Looking at the latest COT report, only the Canadian dollar remains in extreme territory. Following this week’s sharp decline in the currency, this is likely to change over the coming weeks. The euro and the US dollar are no longer in extreme territory as speculators build up their long US dollar positions. This is shown below:
CFTC COT (futures & options combined) – October 24, 2017
Notable extremes are bolded, and are highlighted when speculator positioning is more than two standard deviations above historical trailing 1-year and 3-year trends. Looking at changes versus the previous week, speculators are trimming their US dollar short positions. This is particularly the case for currencies and commodities that are highly sensitive to future inflation such as the Japanese yen, Swiss franc and gold. On the other hand, speculators continue to build their long positions in crude oil (WTI), which benefits from the positive inflation outlook.
Changing fortunes for the Australian dollar
After peaking in late September, speculators appear to be losing their interest in the Australian dollar. The latest inflation figures (1.8% for Q3 2017) missed expectations, and have declined in rate-of-change terms after peaking in Q1 2017. Looking at GDP growth, year-over-year growth in Q2 came in at 1.8%, which is relatively weak compared to the recent past. As both growth and inflation disappoint, the Reserve Bank of Australia looks set to stay in neutral. Recent inflation and growth figures for Australia are illustrated below.

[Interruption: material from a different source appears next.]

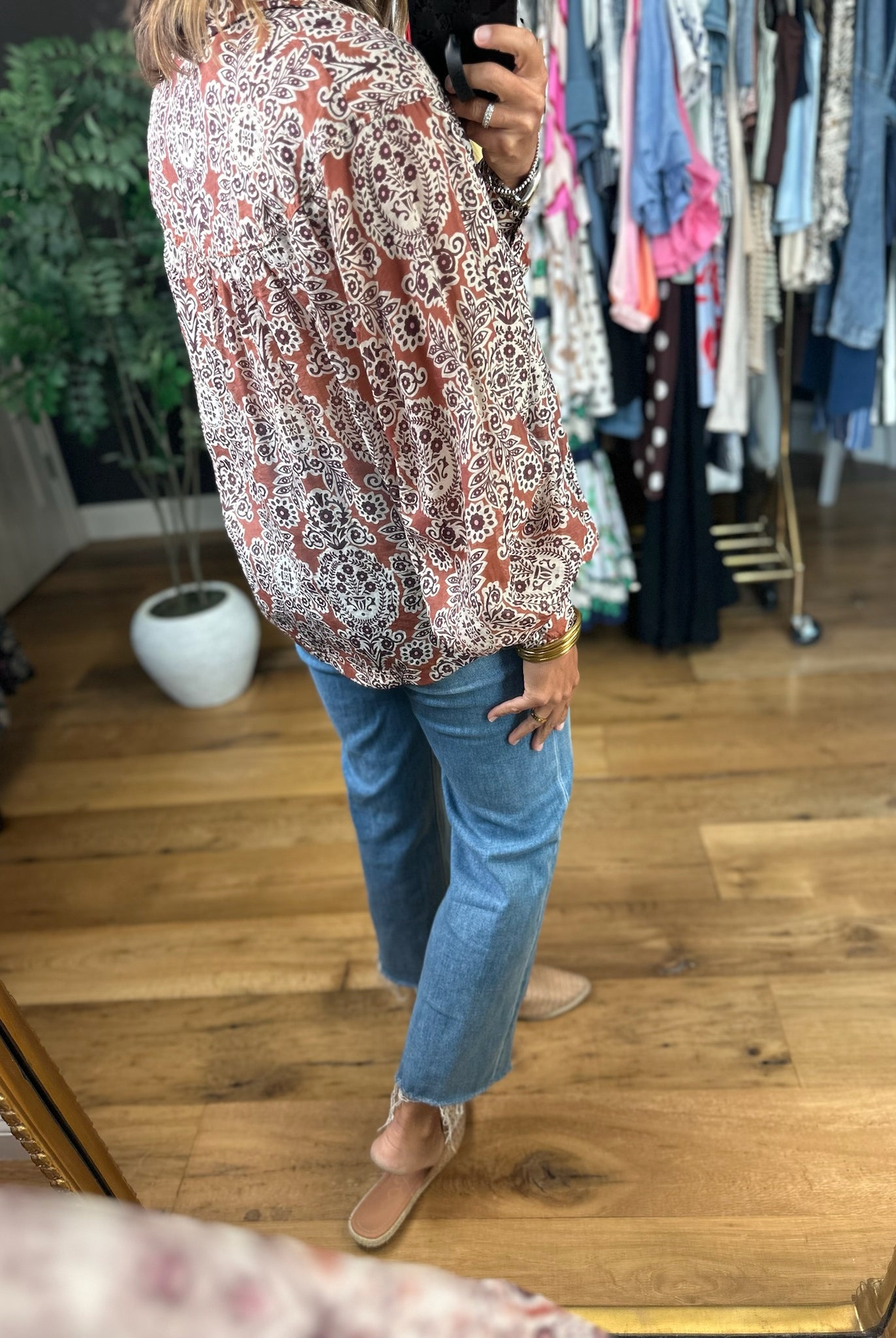 Season Of Bliss Patterned Button-Down Top-Long Sleeves-ee:some-Anna Kaytes Boutique, Women's Fashion Boutique in Grinnell, Iowa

Ho-hum: recent Australian economic data remains mediocre
Earlier in the year, speculators were building their long AUD positions based on the belief that the RBA would be the next central bank to raise rates. Despite hopes that the RBA was set to follow its peers in the US and Canada, the Bank sees few reasons to consider hiking rates. Recent RBA minutes suggest that the status quo is set to continue. Given falling rate hike expectations, speculators are now trimming their large Australian dollar positions. This is shown below.
From bearish to extremely bullish
Earlier in July, futures speculators were short the Australian dollar, and 1-year z-scores fell almost one and half standard deviations below the 1-year average. After AUD/USD rallied towards 0.80, speculators then flipped to extreme bullishness. At its peak, speculators were long almost 78,000 contracts in futures and options on September 26. Since late September, net long positions have been trimmed substantially as hopes for higher interest rates fade into memory. As we argued in our recent commentary on the 19th Party Congress in China, the longer-term outlook for the Australian dollar looks weak.